Er glaube auch nicht, dass hier die EU solidarisch helfen werde, und legte Berechnungen offen, wonach allein Deutschland bei einem Gasstopp 75 Terawattstunden (das sind Milliarden Kilowatt) und Italien sogar 117 Terawattstunden zu wenig an Gaskraft hätten. Diese Staaten könnten Österreich also nicht helfen. Und die USA bräuchten ihres um die Preise in den Vereinigten Staaten niedrig zu halten. "Österreich muss selbst aktiv werden", forderte Mahrer. Wer behaupte, dass ein Ausstieg aus fossiler Energie in den nächsten Jahren möglich ist, verbreite eine "politische Lüge".
Deshalb brauche es einen neuen Energie-Masterplan 2025. Die bestehenden Dokumente zu den Energieplänen des Ministeriums könne man aufgrund des Ukrainekrieges nur mehr zum Heizen verwenden, eine Neubewertung und eine nüchterne, sachliche und faktenbasierte Debatte über alle Optionen sei dringend notwendig. Es sei "unverantwortlich, dass wir noch immer ohne Zahlen und Fakten diskutieren", kritisierte der Kammerboss und meinte: "Von dem hängt alles ab, alles hängt an dem." Mahrer einmal mehr in Richtung Gewessler: "Der Masterplan muss auf den Tisch."
"Kontrollverlust droht"
Mahrer betonte, dass er die Klimaschutzpläne nicht infrage stellen wolle, Österreich dürfe dabei aber nicht zu schnell agieren, sonst drohe ein Kontrollverlust beim Ausstieg aus den fossilen Energien, der gefährlich werden könnte. Er gab aber zu, dass er davon ausgehe, dass Österreich auch noch in 20 Jahren Erdgas verbrauchen werde, entgegen dem Ziel der Regierung zur Klimaneutralität bis 2040.

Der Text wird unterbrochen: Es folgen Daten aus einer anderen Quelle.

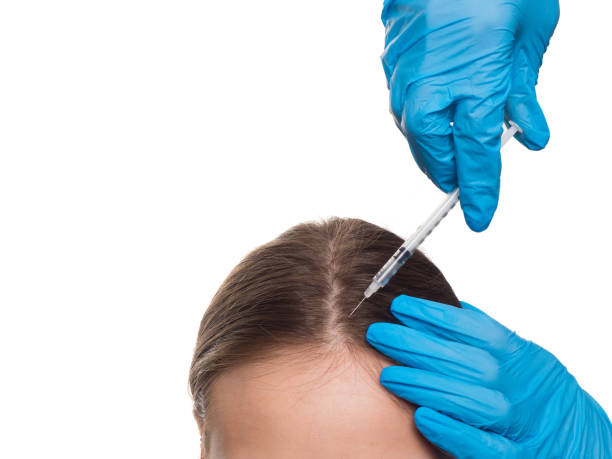 Exosome Therapy For Hair Loss: Enhancing Blood Flow to Hair Follicles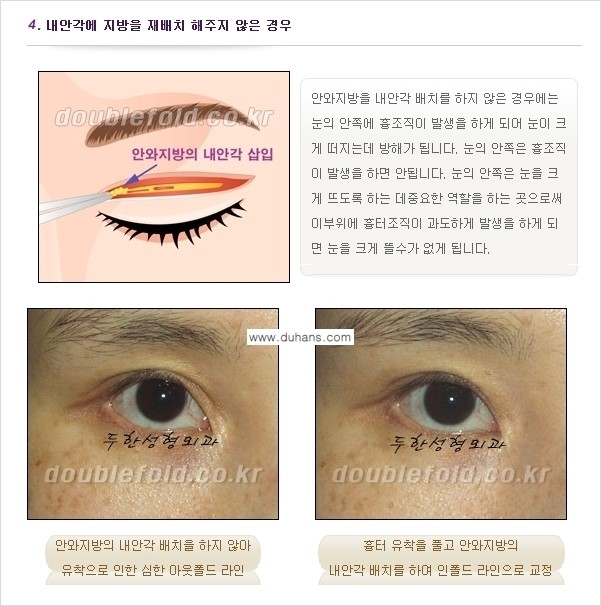 [두한성형외과 경쟁력 쌍꺼풀 재수술(눈재수술)] - [쌍꺼풀 재수술(눈재수술)의 실패의 원인 분석] 관련 이미지 5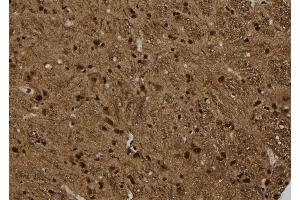 ABIN6277781 at 1/100 staining Rat brain tissue by IHC-P. (Arrestin 3 Antikörper  (C-Term))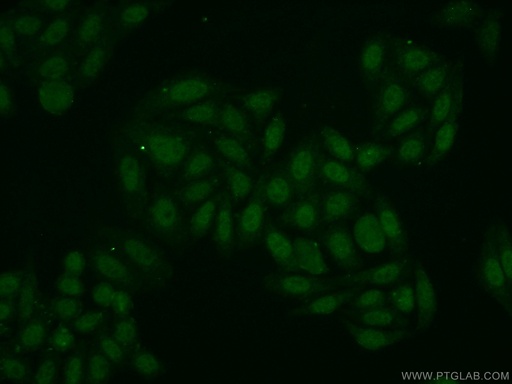 [15273-1-AP-20UL] POP4 Polyclonal antibody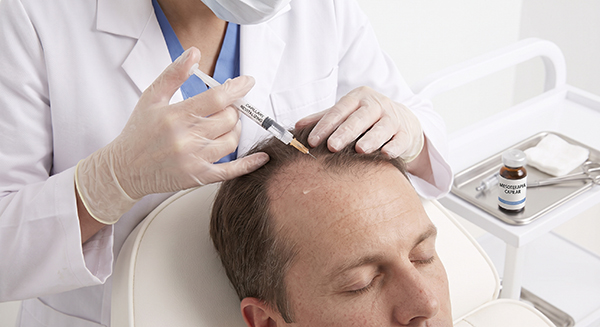 tratamiento perdida de cabello dermatologo guatemala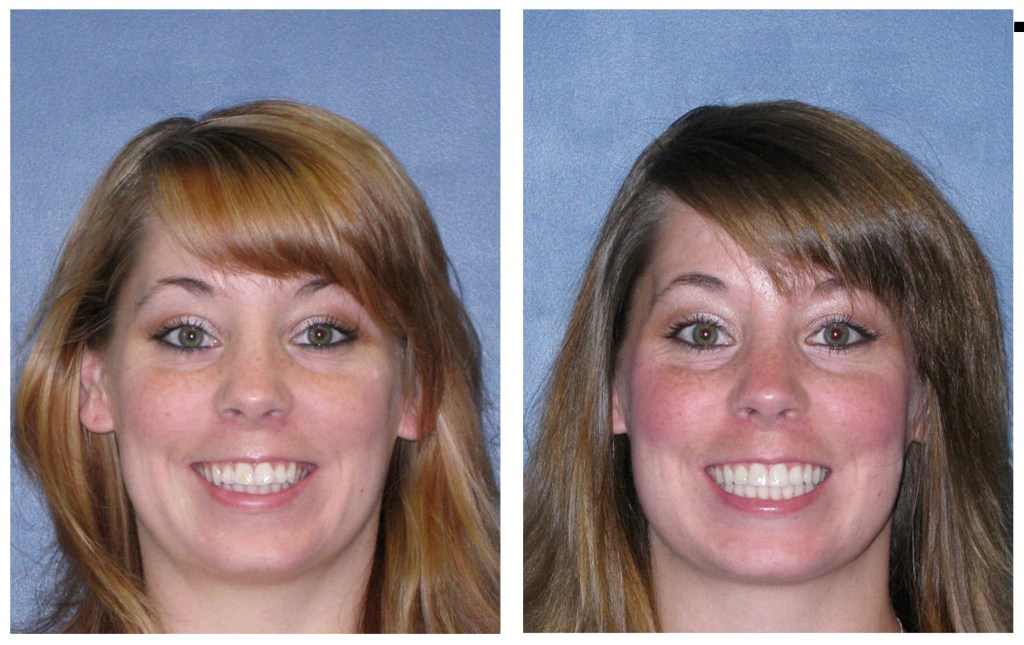 A woman before and after invisalign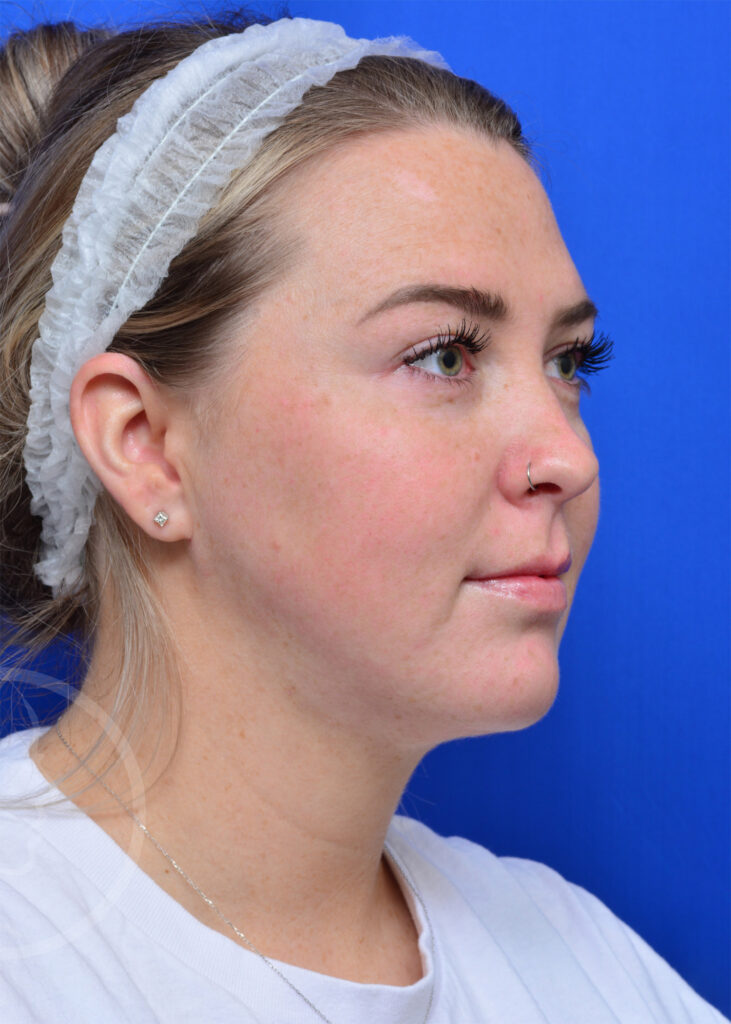 Plastic Surgery Before and After Pictures in Jacksonville, FL - Garcia Facial Plastic Surgery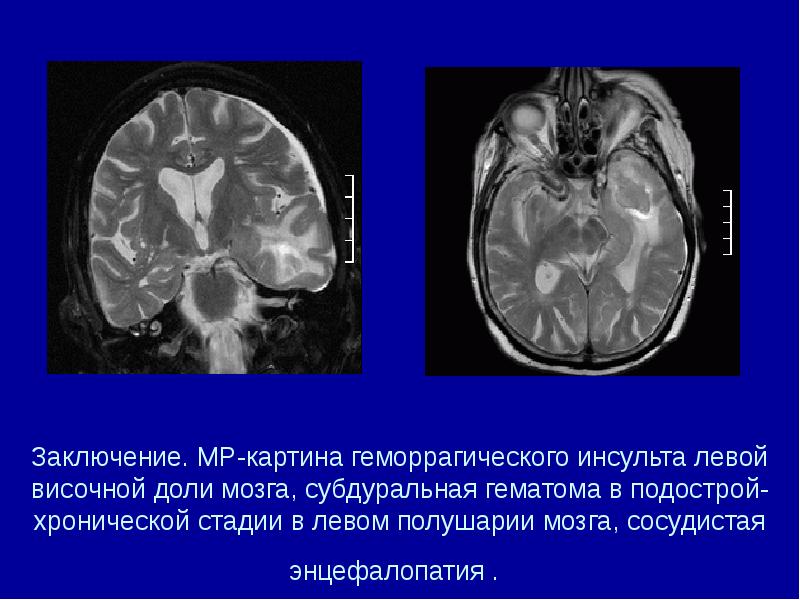 Заключение. МР-картина геморрагического инсульта левой височной доли мозга, субдуральная гематома в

Überhaupt fordert Mahrer mehr Ehrlichkeit ein - auch welche Auswirkungen ein Gas- und Ölstopp auf die Preise für die Konsumenten hätte. Alleine das in der Nacht von der EU beschlossene Ölembargo könne die Preise an den Zapfsäulen zwischen 20 und 30 Cent je Liter erhöhen. Dies könne aber durch eine Freigabe der nationalen Reserven an Benzin und Diesel abgefangen werden. Hierzu gebe es aber keine Signale aus der Regierung. Initiativen vermisst Mahrer auch im Wasserstoffbereich und bei den E-Fuels, die allerdings umstritten sind, weil für ihre Erzeugung viel Strom notwendig ist. Für eine Senkung der Spritsteuer, wie sie morgen in Deutschland in Kraft tritt, zeigte sich Mahrer aufgeschlossen.
Zu einer Priorisierung der Gasversorgung, sollte kein Gas mehr aus Russland kommen, meinte Mahrer, es sei gar nicht so leicht zu sagen: Privathaushalte vor Wirtschaft - denn viele Betriebe würden mit ihrer Prozessabwärme auch Haushalte beheizen. Zu staatlichen Investitionen in Flüssiggas-Anlagen in Häfen, wie das Deutschland macht, gab sich Mahrer zurückhaltend. Primär seien hier die Marktteilnehmer gefragt.
Scharfe Reaktion der Grünen
Lukas Hammer, Klimasprecher der Grünen im Parlament, reagierte auf Mahrers Ansagen mit heftiger Kritik: „Wer heute gegen die Klimaneutralität wettert verkennt eindeutig: Die Klimaneutralität ist die Lösung. Das Problem liegt in der jahrzehntelangen Ausbeutung und Fokussierung auf dreckige fossile Energieträger wie Öl und Gas. Was WKÖ-Präsident Harald Mahrer heute gesagt hat ist vor diesem Hintergrund bestenfalls unverständlich.“ Natürlich müsse Österreich von den fossilen Energien weg, um das Land von der Abhängigkeit zu lösen, und die Klimaneutralität sei der Schlüssel dorthin.
Und er verteidigt Klimaschutzministerin Leonore Gewessler - sie arbeite "unermüdlich an den Krisen- und Ausstiegsplänen zur Energiekrise. Es ist die Abhängigkeit von russischem Öl und Gas, die uns diese Abhängigkeit gebracht hat. Diese Abhängigkeit ist durch politische Entscheidungen vorangetrieben worden. Es ist verständlich, dass Mahrer von seiner Verantwortung ablenken will. Da müssen wir raus. Ich fordere Mahrer auf sich zu beteiligen anstatt Lösungen zu blockieren und auszubremsen,“ fordert Hammer. Österreich könne sich nicht von einem "Erpresserstaat" abhängig machen. Er hoffe, dass das "auch der WKO-Chef endlich einsieht. Ich fordere Mahrer auf, sich zu beteiligen, anstatt Lösungen zu blockieren und auszubremsen."